As someone who is interested in phenomenology, especially as it applies to architectural and urban design, I was recently trying to grasp the ideas presented in "Architectural Making: Between a "Space of Experience" and a "Horizon of Expectations"" recently published by Iris Aravot, an Israeli architecture and planning scholar.
As the title of the paper suggests, the idea it presents relates to the way the work of an architectural designer occupies the middle ground between the "space of experience," which consists of (1) the scope of the architectural problem to be solved, (2) the architect's professional knowledge and training, and (3) his or her personal experience, and the "horizon of expectations," which, if I understand it correctly, represents the range of architectural solutions that is considered "acceptable" to the architect personally and to the larger society. In past times, say through most of the 18th century, the "horizon of expectations" was pretty clearly defined, and usually made reference to classical forms and elements. But that has changed in more recent times, opening up a new world of possibilities and difficulties.
I am sure I have still not grasped all of what Ms. Aravot is trying to say in her paper, but I was taken by one statement that I think points out a danger of the neo-classicism that is promoted by a number of architectural organizations that have cropped up over the past decade or so, as well as the tendency of preservation societies in older cities. The statement is: "When all is already contained in experience, and the future is rendered in the image of the past, creativity stops. There is no space for creativity, if a wedge is not inserted between the "space of experience" and the "horizon of expectations.""

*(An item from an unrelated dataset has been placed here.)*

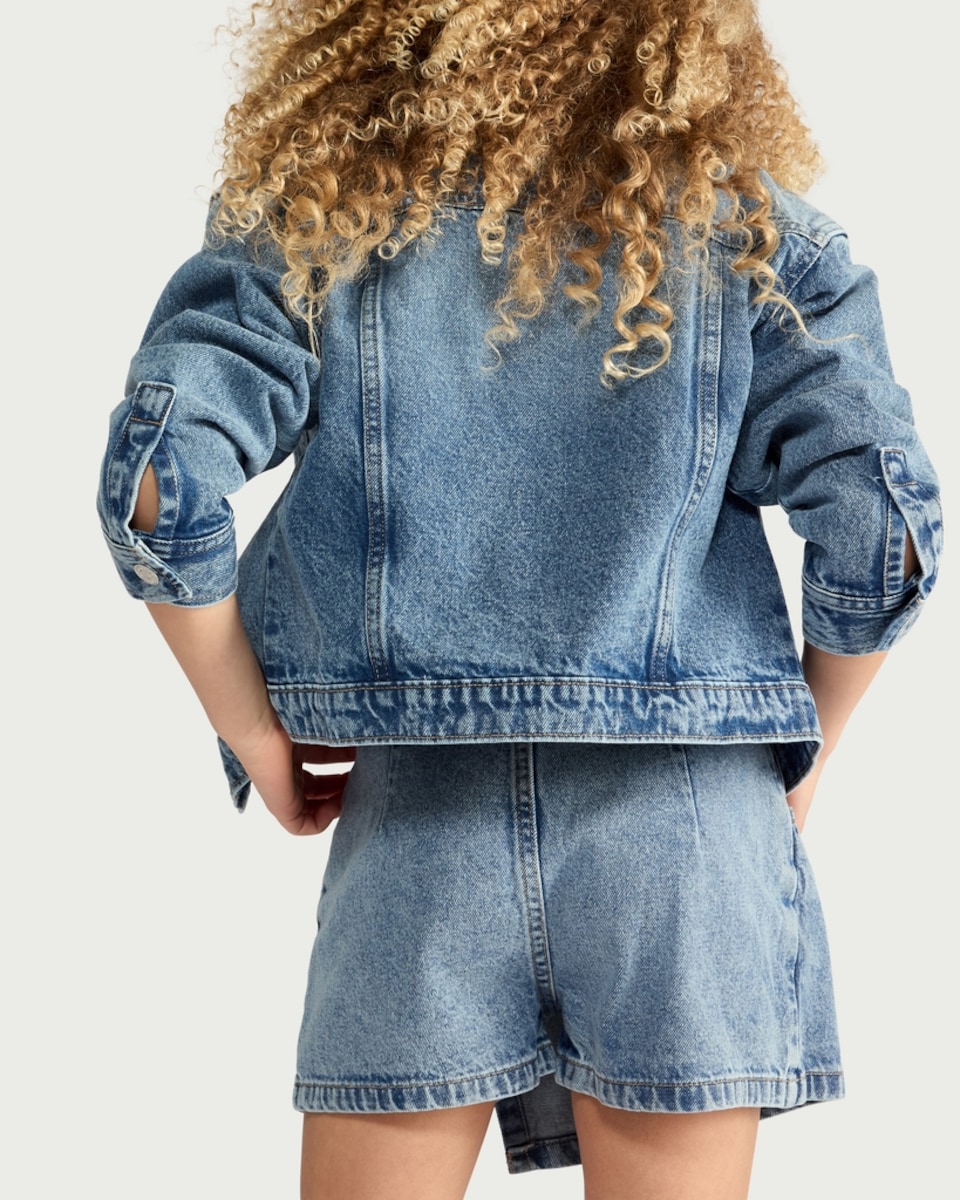 image 1 of F&F Girls Pure Cotton Denim Wrap Skort in Blue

It can be comforting to fall back on familiar forms and familiar symbols, but we no longer live in an age seeking to represent itself as a rebirth of Greek democracy or Roman empire. There should be no expectation that our surroundings must repeat the architectural models of those past ages. The trick is still, as it has been since the arrival of "modern" architecture, to define the "horizon of expectations" in a way that allows creativity while pointing towards new forms that are not jarringly novel, but instead serve to complement our surroundings and help our cities grow comfortably into the future.